AIM OF THE EXERCISE: Of the entries below, return exactly those lines that fall between the one containing "LIMITED EDITION - NEW" and the one containing "Saxofoon Droit Sopraan", the two end lines included.

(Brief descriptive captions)

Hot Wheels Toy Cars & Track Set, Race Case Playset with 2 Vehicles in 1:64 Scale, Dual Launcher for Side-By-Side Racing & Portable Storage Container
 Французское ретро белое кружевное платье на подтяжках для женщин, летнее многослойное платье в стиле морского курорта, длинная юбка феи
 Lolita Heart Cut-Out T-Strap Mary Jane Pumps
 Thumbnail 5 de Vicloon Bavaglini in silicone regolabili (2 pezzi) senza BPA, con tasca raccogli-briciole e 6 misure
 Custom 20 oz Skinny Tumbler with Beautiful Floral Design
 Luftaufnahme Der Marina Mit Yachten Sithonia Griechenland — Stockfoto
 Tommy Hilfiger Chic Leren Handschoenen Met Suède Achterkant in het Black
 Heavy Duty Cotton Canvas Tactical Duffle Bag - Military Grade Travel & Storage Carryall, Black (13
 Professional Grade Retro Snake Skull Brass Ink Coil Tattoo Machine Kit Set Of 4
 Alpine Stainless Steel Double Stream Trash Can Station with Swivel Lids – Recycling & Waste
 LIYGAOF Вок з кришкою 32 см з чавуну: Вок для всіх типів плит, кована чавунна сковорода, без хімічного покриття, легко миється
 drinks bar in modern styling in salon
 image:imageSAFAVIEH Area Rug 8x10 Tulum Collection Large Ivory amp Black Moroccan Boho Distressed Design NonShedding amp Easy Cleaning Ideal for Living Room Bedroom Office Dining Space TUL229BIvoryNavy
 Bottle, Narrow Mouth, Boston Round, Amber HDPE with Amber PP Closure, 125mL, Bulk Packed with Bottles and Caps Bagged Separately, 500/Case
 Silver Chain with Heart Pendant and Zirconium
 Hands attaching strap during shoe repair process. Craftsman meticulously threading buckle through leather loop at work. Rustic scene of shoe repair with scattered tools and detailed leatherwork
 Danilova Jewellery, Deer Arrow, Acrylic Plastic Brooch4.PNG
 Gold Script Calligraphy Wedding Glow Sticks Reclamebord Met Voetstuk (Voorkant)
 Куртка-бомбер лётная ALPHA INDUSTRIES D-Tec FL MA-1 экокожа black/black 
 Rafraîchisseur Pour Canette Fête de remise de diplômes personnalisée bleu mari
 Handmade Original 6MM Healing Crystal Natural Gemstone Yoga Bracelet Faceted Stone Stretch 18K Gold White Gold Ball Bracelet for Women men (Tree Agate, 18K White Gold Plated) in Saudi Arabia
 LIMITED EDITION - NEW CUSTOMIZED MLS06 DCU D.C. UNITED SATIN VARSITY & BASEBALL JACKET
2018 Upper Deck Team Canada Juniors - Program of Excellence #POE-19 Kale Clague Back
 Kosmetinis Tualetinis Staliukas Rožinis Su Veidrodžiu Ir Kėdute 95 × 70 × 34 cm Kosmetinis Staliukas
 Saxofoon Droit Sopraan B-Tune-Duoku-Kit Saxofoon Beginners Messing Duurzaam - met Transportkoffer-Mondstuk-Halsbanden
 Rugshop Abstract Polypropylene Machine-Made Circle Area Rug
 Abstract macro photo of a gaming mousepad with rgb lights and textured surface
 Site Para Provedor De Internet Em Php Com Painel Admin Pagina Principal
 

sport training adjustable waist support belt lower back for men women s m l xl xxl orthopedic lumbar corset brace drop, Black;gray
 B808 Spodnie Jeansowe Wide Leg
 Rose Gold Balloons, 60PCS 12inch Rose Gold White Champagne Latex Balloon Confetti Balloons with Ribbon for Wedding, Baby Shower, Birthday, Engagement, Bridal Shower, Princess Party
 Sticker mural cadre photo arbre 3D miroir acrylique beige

EXERCISE OUTPUT:
 LIMITED EDITION - NEW CUSTOMIZED MLS06 DCU D.C. UNITED SATIN VARSITY & BASEBALL JACKET
2018 Upper Deck Team Canada Juniors - Program of Excellence #POE-19 Kale Clague Back
 Kosmetinis Tualetinis Staliukas Rožinis Su Veidrodžiu Ir Kėdute 95 × 70 × 34 cm Kosmetinis Staliukas
 Saxofoon Droit Sopraan B-Tune-Duoku-Kit Saxofoon Beginners Messing Duurzaam - met Transportkoffer-Mondstuk-Halsbanden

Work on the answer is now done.